REQUIREMENT.
Retype only the lines below from the one with "un foulard en" to the one with "LittleBigPlanet characters hanging", inclusive, skipping every image.

===== GIVEN DATA

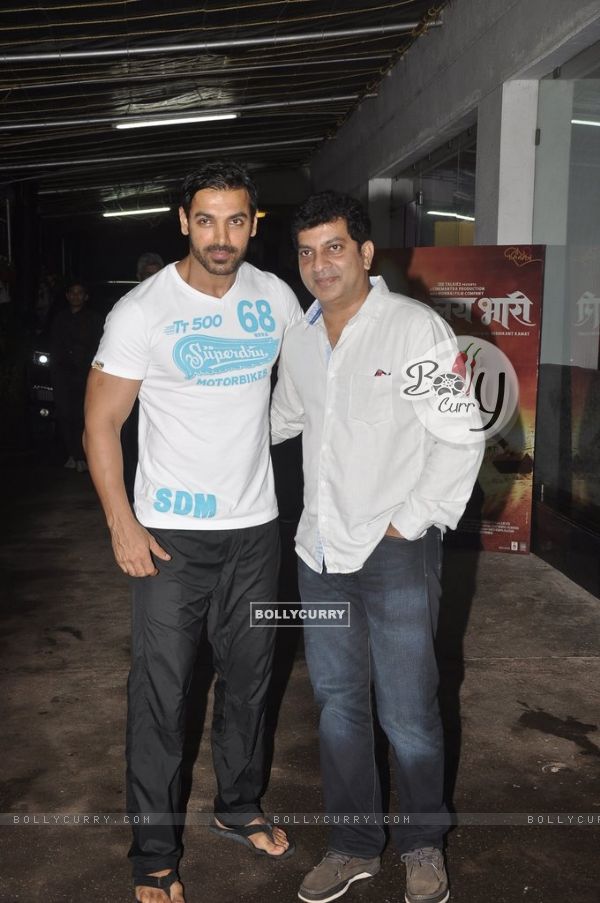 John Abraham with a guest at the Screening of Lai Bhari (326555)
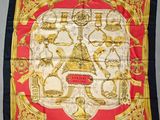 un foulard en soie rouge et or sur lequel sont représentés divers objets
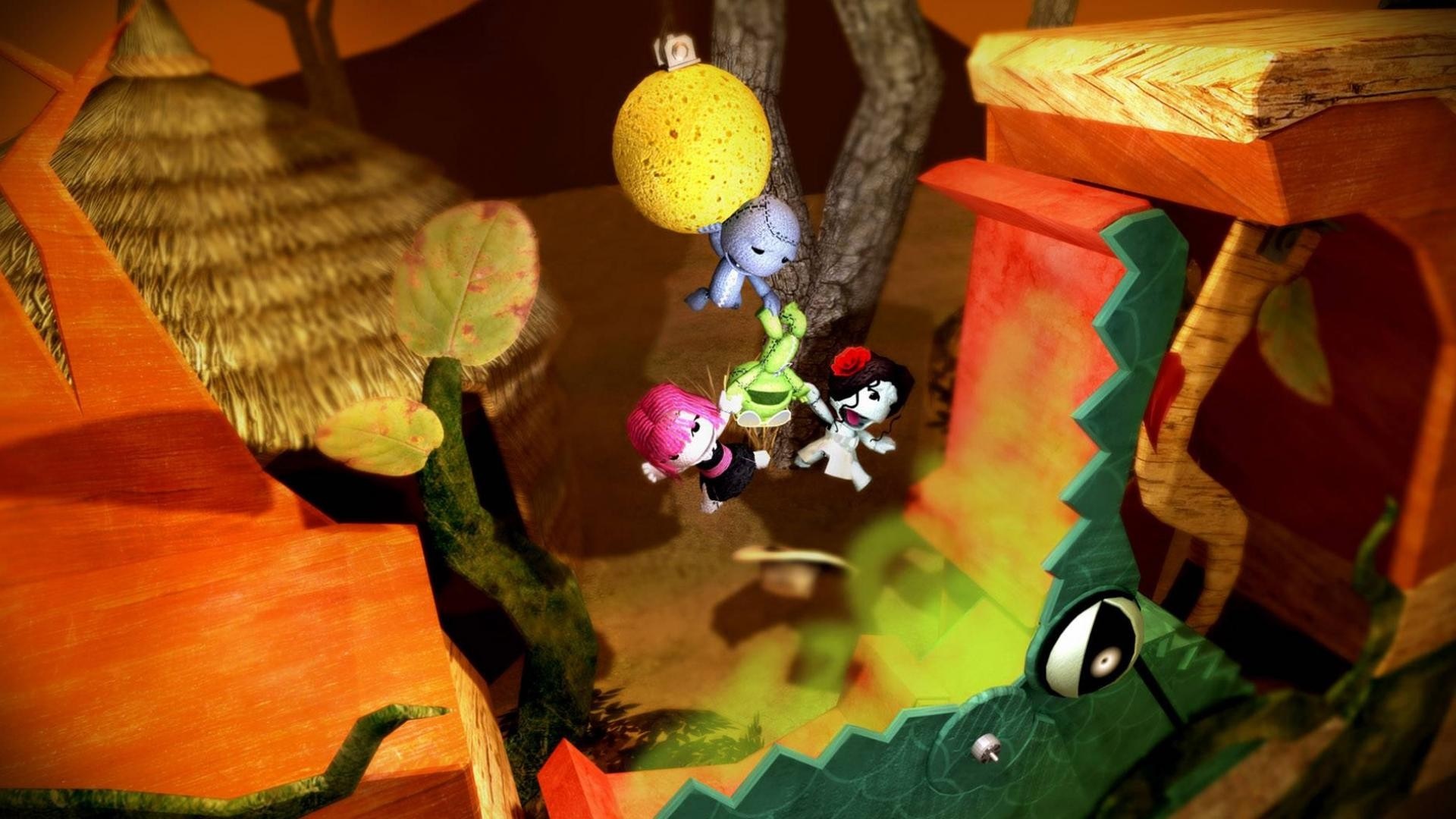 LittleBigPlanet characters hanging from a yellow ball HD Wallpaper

==========
===== GIVEN DATA

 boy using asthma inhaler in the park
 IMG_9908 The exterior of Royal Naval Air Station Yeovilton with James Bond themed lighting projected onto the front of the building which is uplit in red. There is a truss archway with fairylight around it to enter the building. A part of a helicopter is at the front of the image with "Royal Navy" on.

==========
===== GIVEN DATA

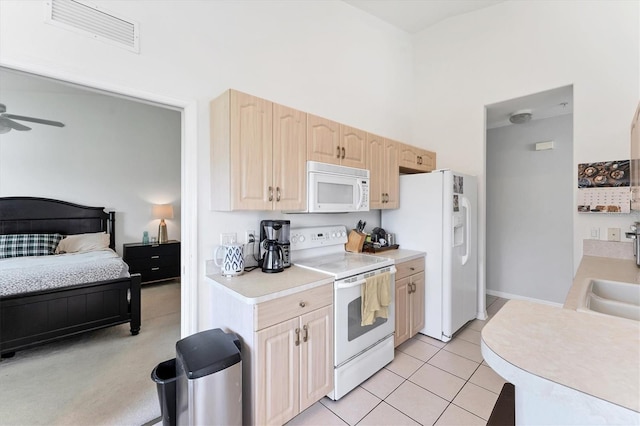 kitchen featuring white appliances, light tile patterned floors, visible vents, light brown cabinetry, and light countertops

==========

RESPONSE TO THIS TASK.
 un foulard en soie rouge et or sur lequel sont représentés divers objets
 LittleBigPlanet characters hanging from a yellow ball HD Wallpaper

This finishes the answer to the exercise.